Excepto esto último, lo demás no era imposible.


Qué difícil es cubrir el espacio que deja un hijo. “¡Cuántas posibles vidas se habrán ido en esta pobre y diminuta muerte, cuantas posibles vidas que la suerte daría a la memoria o al olvido!”. Así lo dijo Borges en su poema y así lo sentí yo. Ya no podría ver a mi hija crecer hasta convertirse en mujer. No podría verla egresar del colegio ni de la universidad. No podría verla tener hijos y darme nietos. Valeria pasó por lo mismo hasta que tuvo una revelación cuando le conté sobre el ejercicio de la lista. Ella se lo mencionó a su terapeuta, quien le recomendó hacer su propia enumeración. La verdad le llegó al momento que levantó la pluma del papel y leyó para sí misma, en voz alta, lo que escribió. Se percató de una pequeña omisión, un mínimo descuido que le hizo comprender que nuestra relación había llegado a su fin; no me incluyó en ninguna de las cosas que quería hacer. Fue un acto involuntario, pero aquel desalentador testimonio fue fiel a la realidad. Ambos estábamos perdidos en un limbo emocional y no podíamos ni queríamos sostenernos el uno al otro.
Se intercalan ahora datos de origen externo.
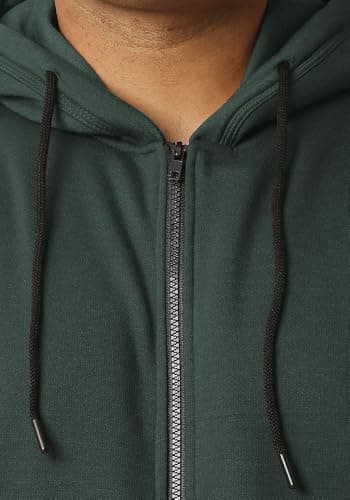 Wear Your Opinion Men's Fleece S to 5XL Plus Size Zipper Regular Fit Hoodies Jacket for Winter Wear (Design: Solid,Olive,Medium) 4
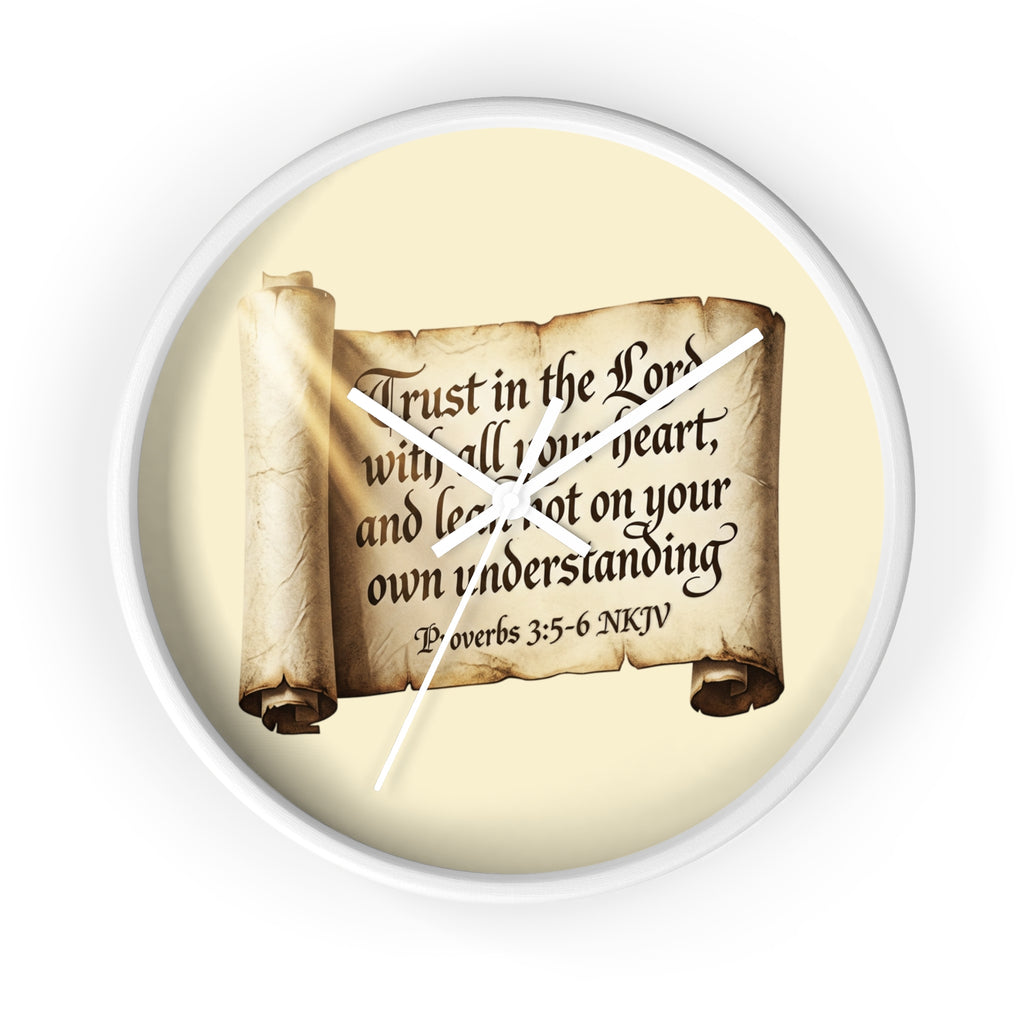 Proverbs 3:5-6 Scripture Scroll Wall Clock — Trust in the Lord Christian Home Decor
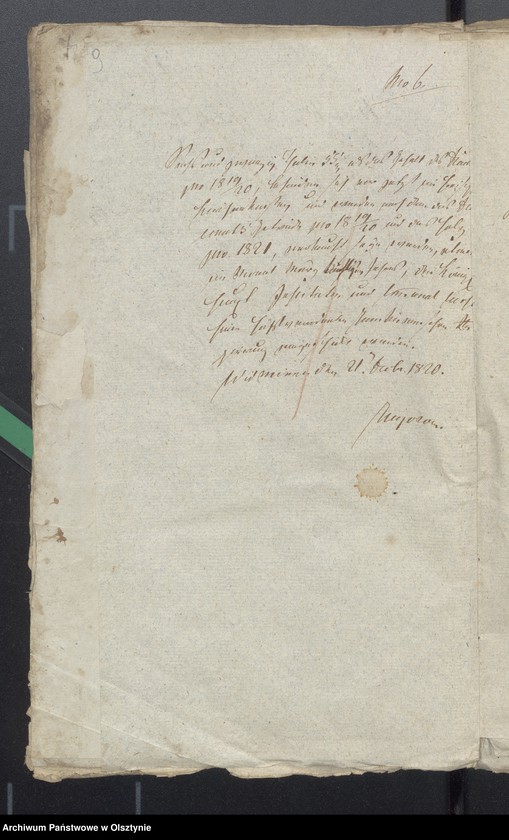 image.from.unit.number "Beläge zur 1819/1820 Jahres Kirchen Rechnung von Widminnen"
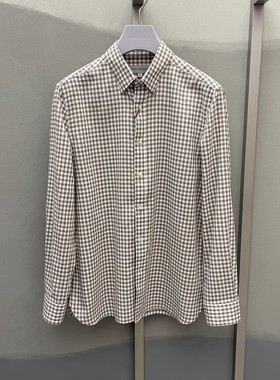 卡尔丹顿男装正品春夏款亚麻休闲长袖衬衫衬衣KBBS23607专柜1680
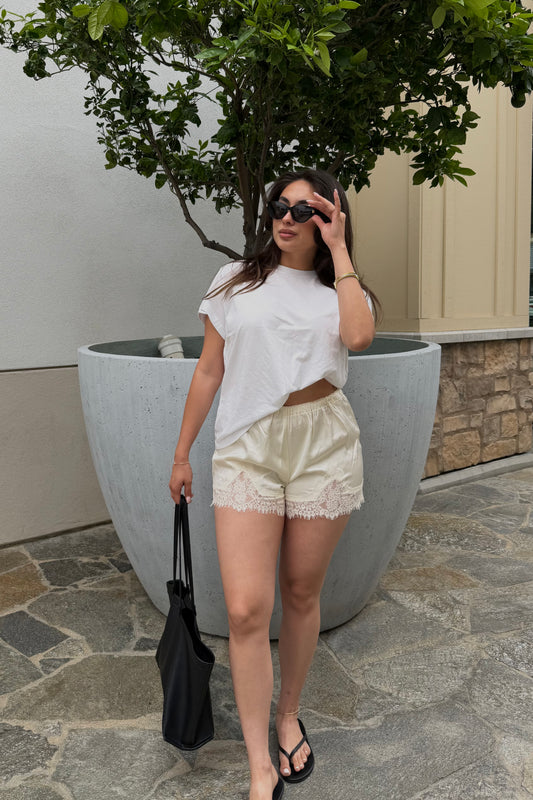 Selah Lace Trim Shorts- Ivory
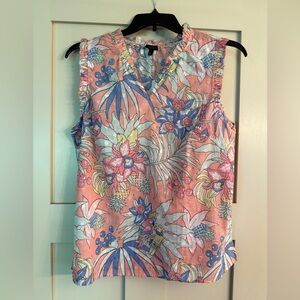 Talbots Tropical Sleeveless Blouse - Pink and Blue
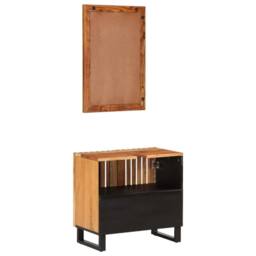 Berkfield Home 2 Piece Bathroom Furniture Set Solid Wood Acacia in Brown - thumbnail 4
Pasaron los días, dejamos de prestarnos atención, y cada uno buscó salir adelante por su lado. No fue algo premeditado sino todo lo contrario, pero Valeria se tomó un tiempo para analizar la situación antes de confiarme su descubrimiento. Fue por eso que durante algunas semanas (acaso un mes entero, dos meses, ya no lo sé) la noté distante y fría. Entendí que tenía su mente en otro lado, aunque nunca imaginé que nos íbamos a separar en el período más difícil de nuestras vidas, nunca sospeché que ella podía ver un futuro sin mí. Fue en esa época que dejamos de hacer el amor.